IMCRYPTO: An In-Memory Computing Fabric for AES Encryption and Decryption

Abstract

IMCRYPTO is a novel In-Memory Computing (IMC) fabric designed to accelerate AES encryption and decryption using a unified hardware architecture. This approach combines the (Inv)SubBytes and (Inv)MixColumns steps, leveraging high parallelism through RAM and RA/CAM arrays for enhanced efficiency.
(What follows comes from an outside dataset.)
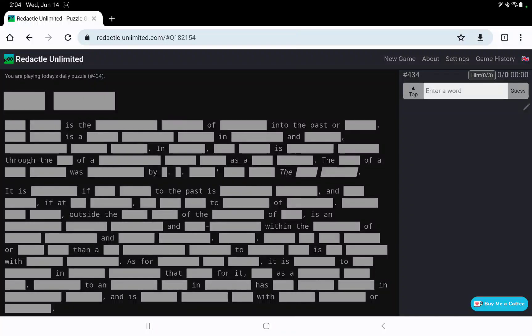Let's play Redactle number 434 on Wednesday, June 14th, two-word title, 4-6.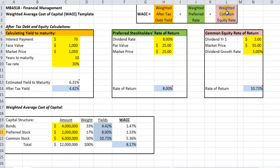The third component calculates the common equity rate of return. This section reflects the amount of dividends paid on the common stock based on the latest dividend payment and the estimated growth rate in future years.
The architecture achieves exceptional performance gains, improving throughput per area by up to 223.1x compared to existing AES-128 solutions while integrating a RISC-V core for programmability.

Report

Key Highlights

• IMC Acceleration: Proposes IMCRYPTO, an In-Memory Computing fabric specifically designed for high-speed AES encryption and decryption.
• Unified Architecture: Employs a single structure capable of performing both encryption and decryption operations.
• Extreme Efficiency: Achieves significant performance improvements over existing solutions, yielding a throughput per area gain of 3.3x (minimum) up to 223.1x (maximum) for AES-128.
• Programmability: Integration of a RISC-V core provides crucial flexibility and programmability to the hardware fabric.

Technical Details

• Computing Fabric: IMCRYPTO utilizes an In-Memory Computing (IMC) paradigm to accelerate cryptographic operations.
• Structural Optimization: The design combines the traditionally separate (Inv)SubBytes and (Inv)MixColumns steps into a more efficient, combined process.
• Memory Components: High parallelism is achieved through the use of multiple units of Random-Access Memory (RAM) and Random-Access/Content-Addressable Memory (RA/CAM) arrays.
• Future Scaling: Projections indicate that the architecture can gain up to 5.3x benefit in the area-delay-power product when transitioning to emerging technologies.

Implications

• Security Integration in RISC-V: This work demonstrates a highly efficient method for integrating critical cryptographic acceleration directly alongside a flexible RISC-V core, promoting high-performance, secure processing in customizable computing environments.
• Data Security Performance: By achieving unprecedented throughput-per-area improvements, IMCRYPTO makes real-time, pervasive AES encryption and decryption feasible even in power- or area-constrained environments, such as IoT or edge devices.
• Validation of IMC: This paper validates In-Memory Computing as a powerful paradigm not just for AI/NN acceleration, but also for complex, structured operations like cryptography, expanding the scope of IMC applications.
• Custom Hardware Ecosystem: The combination of specialized IMC hardware and a general-purpose RISC-V core provides a strong template for future heterogeneous systems requiring both standardized processing and extreme, application-specific acceleration.